Yesterday Representative Steve King, an Iowa Republican, said Boehner, an Ohio Republican, could probably get a revenue package through the House that curbs deductions and credits for the highest earners and slightly raises rates above the current 35 percent level, as long as it remains short of the 39.6 percent that Obama wants.
“It may not have to be the 39-and-a-half percent number, it could be something less than that,” King said. “If he can squeeze a little more money out of it by closing loopholes I think he’ll make that deal,” he said, referring to the president.
While it “will be tough” to get through the House, King said, “there might be enough pressure could come on John Boehner that more votes come from Democrats than Republicans.”
Several congressional aides have suggested that in the event talks fail, both parties in Congress are discussing fallback plans for $60 billion to $100 billion in deficit reduction to replace automatic spending cuts set to take effect in January.
On taxes, the White House has signaled it is prepared to let all of the George W. Bush-era income tax cuts expire at the end of the year if Republicans refuse to limit a tax-cut extension to income below $25,000 a year for married couples.
“We have to ensure that taxes do not go up on middle-class families,” Obama said today. “That is an agenda that Democrats and Republicans and independents, people all across the country, can share.”
Unlike in mid-2011, when talks between Obama and Boehner collapsed, outside market and political forces are bearing down on lawmakers.
Credit ratings agencies including Moody’s Investors Service have said an additional credit downgrade could occur if talks fail.
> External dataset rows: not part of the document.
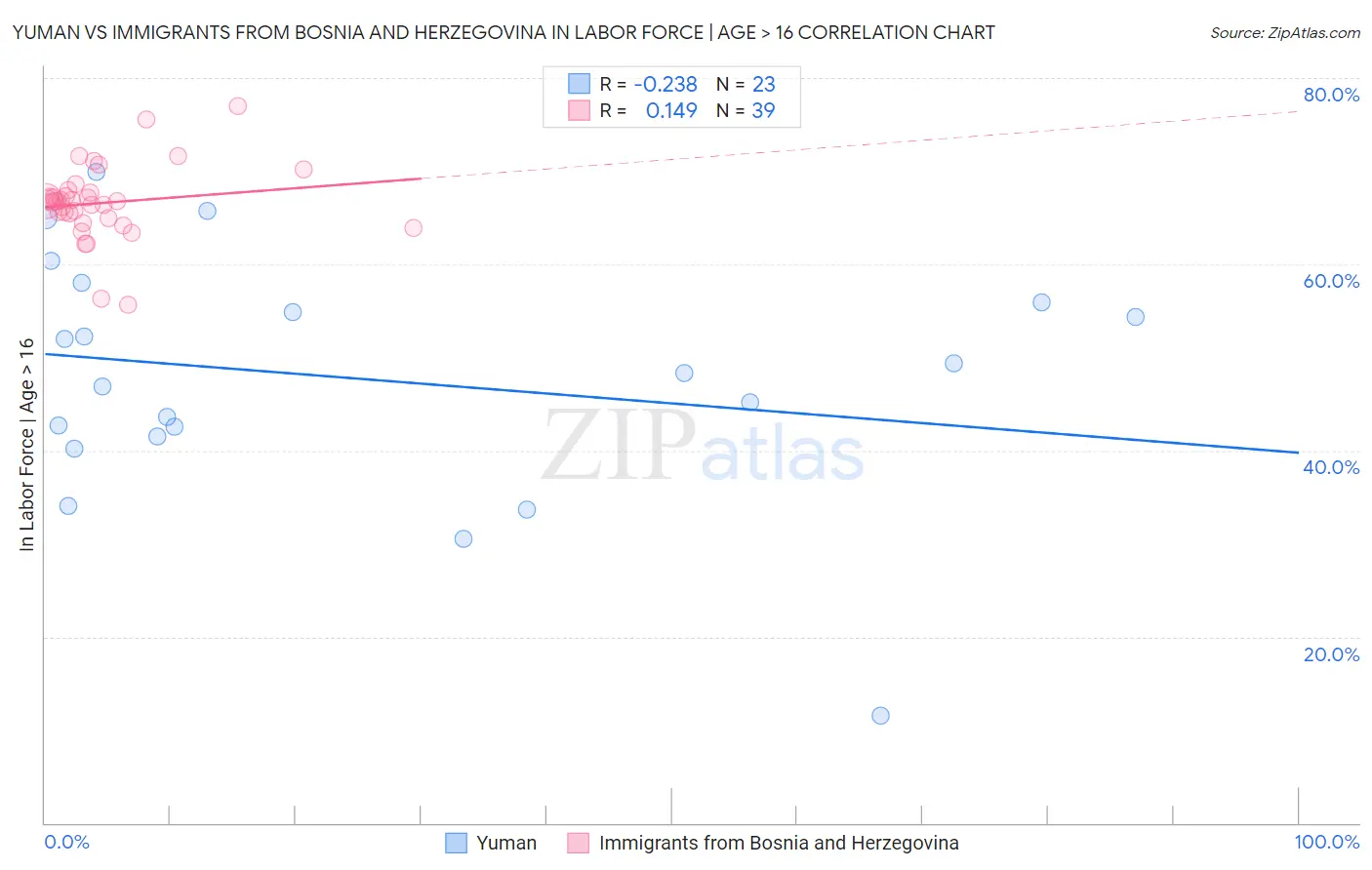 Yuman vs Immigrants from Bosnia and Herzegovina In Labor Force | Age > 16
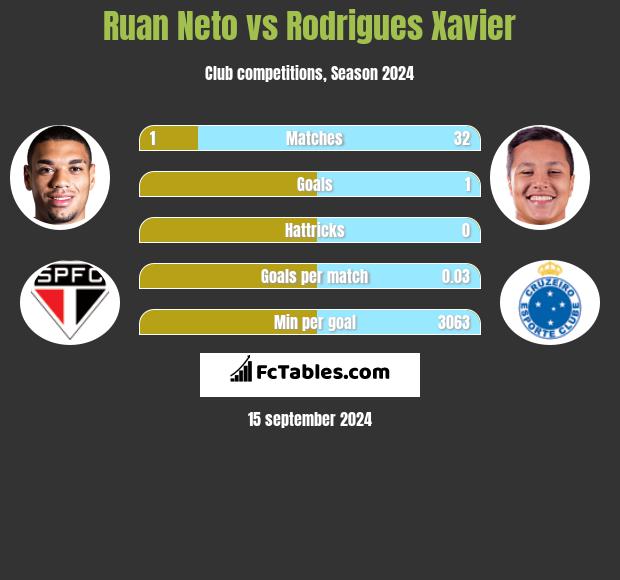 Ruan Neto vs Rodrigues Xavier h2h player stats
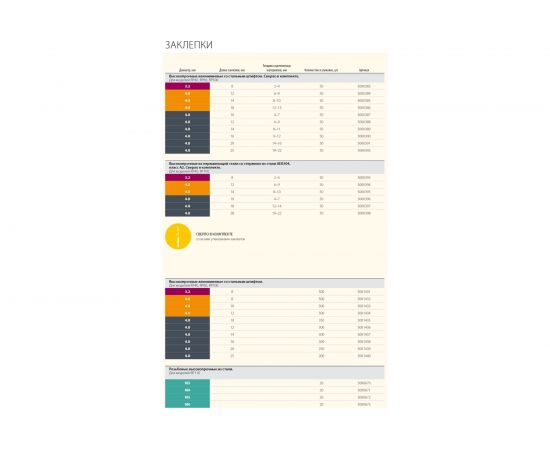 Резьбовая заклепка Rapid R:Rivets М4, 20 шт 5000671 – изображение 5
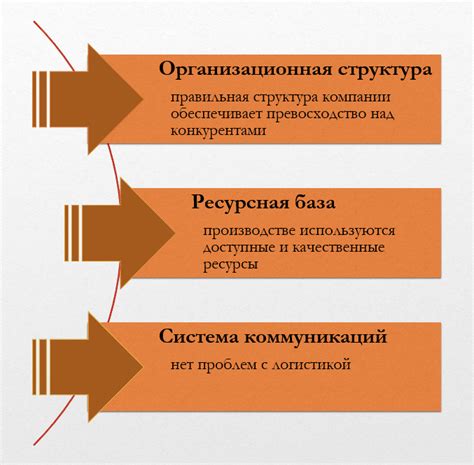 Сотрудничество компаний: увеличение конкурентоспособности и преимущества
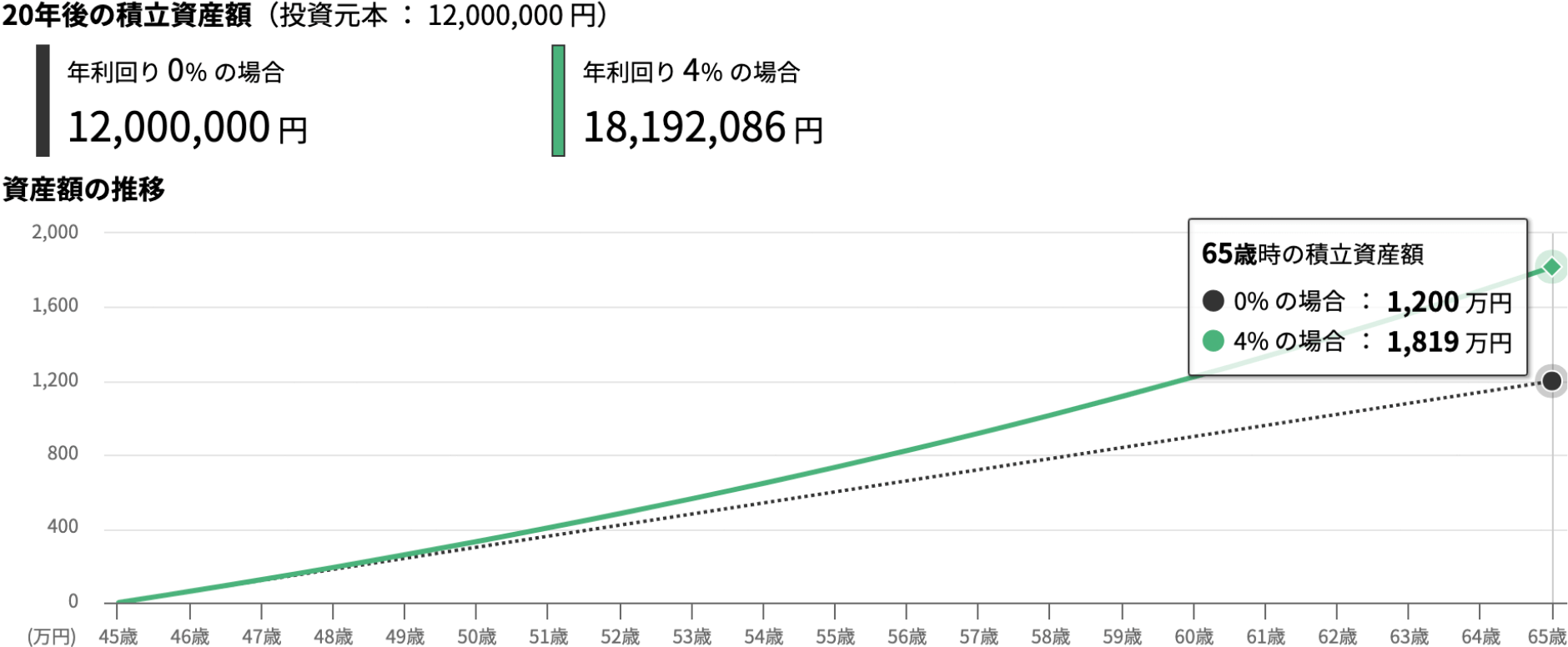 45歳から毎月5万円×20年間積み立てた場合のシミュレーション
The nonpartisan Congressional Budget Office has warned of a recession in 2013, and Federal Reserve Chairman Ben Bernanke has said he has few options in his tool box should the U.S. suffer an economic shock.
Following a mid-2011 agreement to lift the nation’s borrowing limit that contained $1.2 trillion in Republican-driven spending cuts, and an election where Democrats picked up seats in the House and Senate, the party says it’s well positioned to secure a debt-reduction package weighted mostly toward revenue.
As they try to find a solution both sides can accept, some moves that ease the math complicate the politics.
Republicans oppose higher rates while the limits on tax breaks they prefer generate opposition from interest groups that rely on them, including nonprofit organizations, the home- building industry and residents of high-tax states.
“To get serious revenue, you have to go after the stuff that’s big,” said Alan Viard, resident scholar at the American Enterprise Institute, which favors limited government. “By definition, the stuff that’s really big are the things that people are really using.”
Obama wants $1.6 trillion in higher taxes for top earners over the next decade, achieved through a combination of limits on breaks and higher tax rates on ordinary income, capital gains, dividends and estates.
The biggest question is how many votes of his Republican rank-and-file Boehner could lose to produce a revenue compromise in the House, where he oversees an “unstable majority” that’s rejected spending bills and last year’s debt ceiling increase, said Virginia Representative Gerry Connolly, a Democrat.